# Cube matching



## Davepencilguin (Nov 9, 2009)

I wish there was a guy in real life that was like Ollivander in the Harry Potter books, a guy that would match you up with the perfect cube suited for you.

For some, it's a type-F from Cube4you; for another, it's a sanded store-bought Rubik's brand.


----------



## shelley (Nov 9, 2009)

Is there an Elder Cube that passes ownership via one on one races?


----------



## qqwref (Nov 9, 2009)

I think the best cube for me would be a 55mm cube, made from white V-cube plastic, with the core made out of a lock of Yu Nakajima's hair.

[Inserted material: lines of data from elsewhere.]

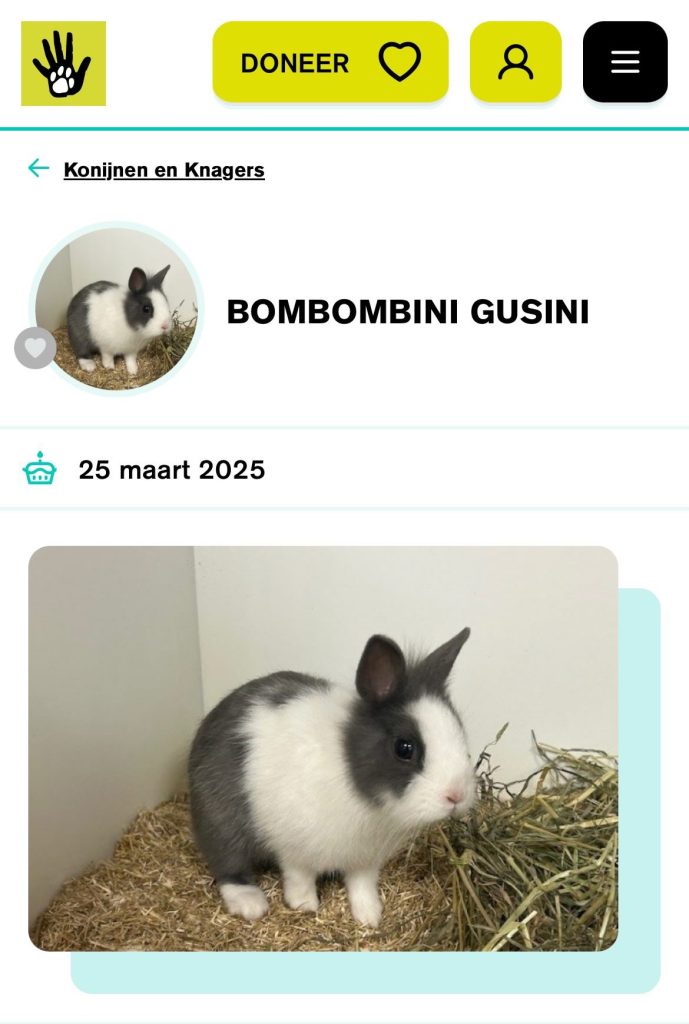 bombombini gusini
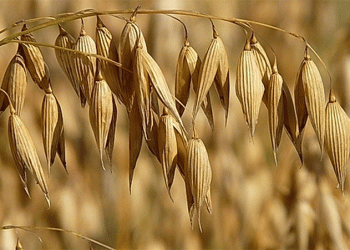 Bashkortostan’s Grain Processing Boom: How Export Growth is Reshaping Regional Agriculture
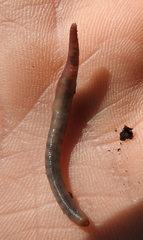 Dendrodrilus rubidus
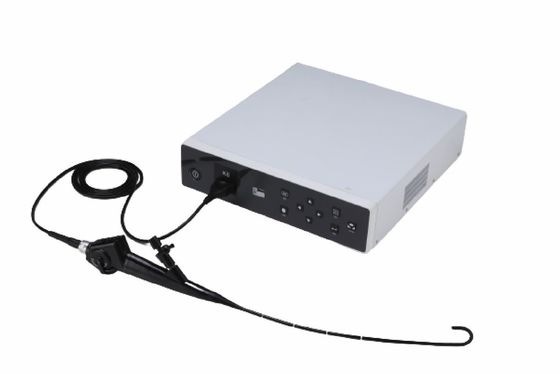 6mmの適用範囲が広いビデオ内視鏡のBronchoscope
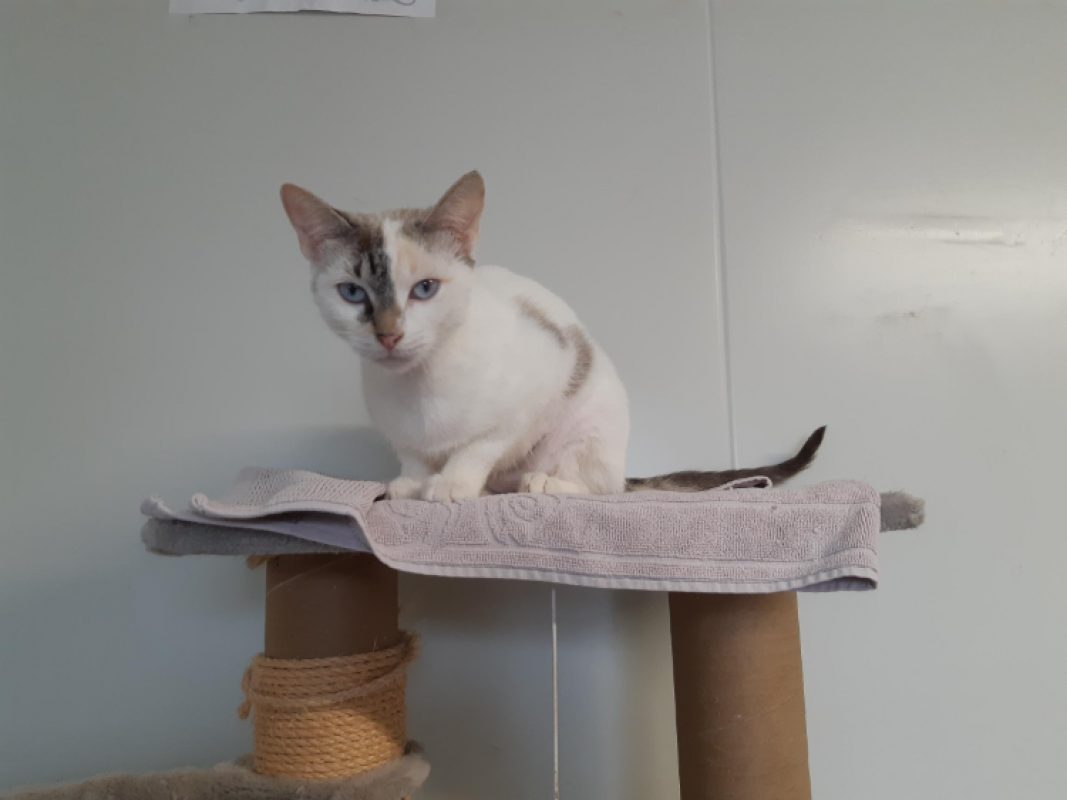 Erin - Chat Européen à adopter - photo 2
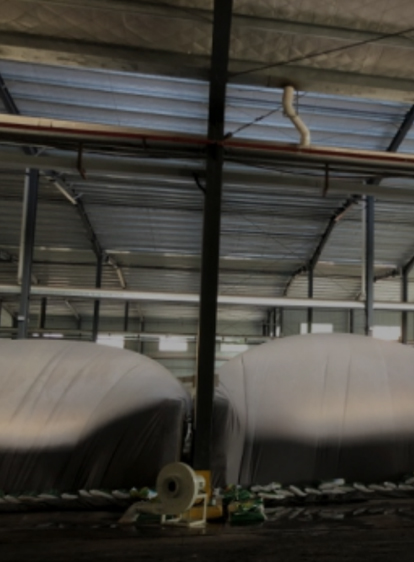 头等玩家官网-相信品牌力量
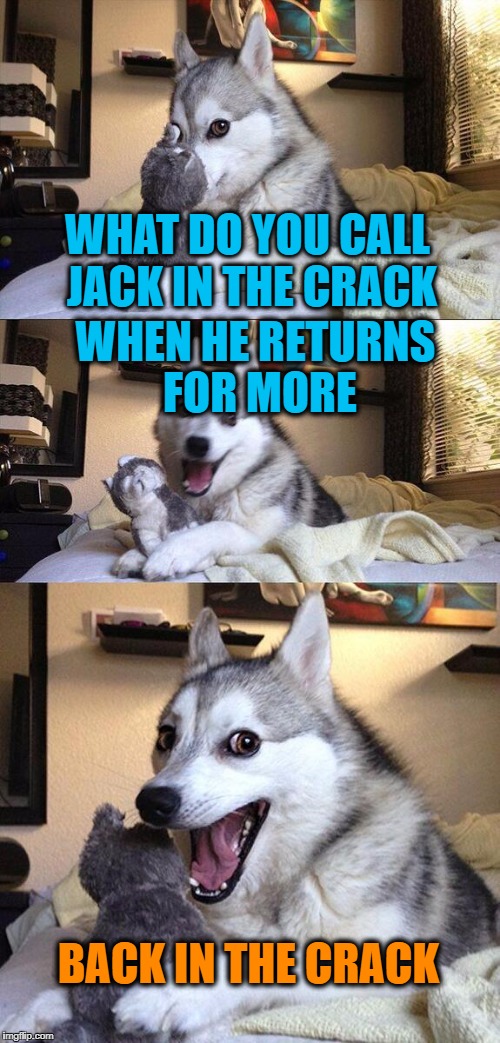 Bad Pun Dog Meme | WHAT DO YOU CALL JACK IN THE CRACK WHEN HE RETURNS FOR MORE BACK IN THE CRACK | image tagged in memes,bad pun dog | made w/ Imgflip meme maker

"Yu only donated two locks of hair to make cubes, and the owner of the other cube has become the most powerful big cube solver on the east coast... I think we can expect great things from you!"


----------



## Swordsman Kirby (Nov 9, 2009)

Nah, everyone would just be matched with a mini-C.


----------



## stiwi griffin (Nov 9, 2009)

crappy cubes are the best


----------



## Innocence (Nov 9, 2009)

Swordsman Kirby said:


> Nah, everyone would just be matched with a mini-C.



+1. But sadly enough, not everyone thinks mini c is ftw kthxbi. I think even the crappy cubes have followers. Like New type A II, or...dare I say it...Type B.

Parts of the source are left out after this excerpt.